Umowa i kłopoty z kredytem
Jak przypomniano, w ubiegłym roku Polska i Korea Południowa podpisały umowę zbrojeniową, na mocy której firmy Hyundai Rotem Co. i Hanwha Aerospace Co. mają dostarczyć do naszego kraju czołgi, haubice i myśliwce. Umowa była warta 13,7 mld dolarów. Była to jak do tej pory największa umowa zbrojeniowa w historii Korei Południowej.
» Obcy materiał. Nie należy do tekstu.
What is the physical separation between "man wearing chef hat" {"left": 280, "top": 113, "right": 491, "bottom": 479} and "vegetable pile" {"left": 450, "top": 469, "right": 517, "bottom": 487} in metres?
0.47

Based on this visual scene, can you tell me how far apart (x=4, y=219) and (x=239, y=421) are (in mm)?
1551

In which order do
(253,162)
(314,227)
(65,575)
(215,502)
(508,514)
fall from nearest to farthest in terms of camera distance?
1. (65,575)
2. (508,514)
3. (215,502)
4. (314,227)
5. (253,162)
W lipcu br. minister obrony narodowej Mariusz Błaszczak informował, że pierwsze dwa egzemplarze południowokoreańskich samolotów FA-50 dla polskiej armii są w Polsce. Z kolei pod koniec sierpnia do Polski dotarła pierwsza koreańska wyrzutnia rakietowa K239 Chunmoo.
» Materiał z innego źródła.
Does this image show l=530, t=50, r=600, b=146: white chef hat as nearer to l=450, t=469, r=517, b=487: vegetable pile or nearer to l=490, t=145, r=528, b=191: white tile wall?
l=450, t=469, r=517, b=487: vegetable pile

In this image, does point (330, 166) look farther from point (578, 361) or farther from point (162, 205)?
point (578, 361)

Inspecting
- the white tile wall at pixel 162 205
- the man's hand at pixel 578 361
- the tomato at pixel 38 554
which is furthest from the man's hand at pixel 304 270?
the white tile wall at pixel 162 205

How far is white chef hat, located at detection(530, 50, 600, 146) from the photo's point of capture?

Pod koniec lipca dziennik "Rzeczpospolita" napisała, że aż 100 mld zł łącznie ma wynieść kredyt zaciągany przez ministra Mariusza Błaszczaka na zakupy broni w Korei Południowej. Jak podano, pierwszy kredyt zaciągnięty przez polski rząd w bankach Korei Południowej był w wysokości ok. 36,8 mld zł (9,2 mld dol.). Tymi pieniędzmi minister obrony narodowej Mariusz Błaszczak chciał sfinansować większość gigantycznego zamówienia sprzętu wojskowego złożonego w Seulu w 2022 r.: 1000 czołgów, 600 haubic, ponad 280 dalekosiężnych zestawów rakietowych Chunmoo i 48 lekkich samolotów bojowych FA-50. "Tymczasem, z ustaleń dziennika 'The Korea Times' wynika, że Polska wystąpiła właśnie o kolejną pożyczkę, tym razem w wysokości ok. 62,5 mld zł (15,6 mld dol.)" - pisała wówczas "Rz".
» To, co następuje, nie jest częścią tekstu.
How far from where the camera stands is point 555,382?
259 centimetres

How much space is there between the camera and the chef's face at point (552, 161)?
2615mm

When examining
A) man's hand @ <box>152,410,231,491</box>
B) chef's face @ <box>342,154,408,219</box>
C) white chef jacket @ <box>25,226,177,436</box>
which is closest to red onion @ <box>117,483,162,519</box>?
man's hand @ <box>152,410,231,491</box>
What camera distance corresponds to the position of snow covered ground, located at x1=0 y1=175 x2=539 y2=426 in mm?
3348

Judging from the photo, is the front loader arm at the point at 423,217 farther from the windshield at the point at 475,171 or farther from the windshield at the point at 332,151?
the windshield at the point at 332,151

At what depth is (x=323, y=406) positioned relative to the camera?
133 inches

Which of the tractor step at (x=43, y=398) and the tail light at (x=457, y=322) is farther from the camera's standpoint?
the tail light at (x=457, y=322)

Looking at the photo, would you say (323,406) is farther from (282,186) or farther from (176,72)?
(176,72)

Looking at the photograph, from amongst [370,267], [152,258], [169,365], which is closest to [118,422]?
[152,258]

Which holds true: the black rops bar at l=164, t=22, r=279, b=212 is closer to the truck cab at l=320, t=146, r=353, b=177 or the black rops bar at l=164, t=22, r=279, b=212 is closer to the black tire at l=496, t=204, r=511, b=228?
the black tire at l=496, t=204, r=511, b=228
Dziennik informował, że negocjacje trwają, ale nie tylko między polskim rządem a Seulem. Także między południowokoreańskimi bankami a tamtejszym rządem. "Bez podniesienia limitów udzielanych kredytów nie będzie komu sfinansować w Korei Południowej polskich zakupów. Te pierwsze były bowiem na tyle duże, że banki w Korei prawie wyczerpały swoje możliwości finansowania eksportu broni" - wyjaśniono.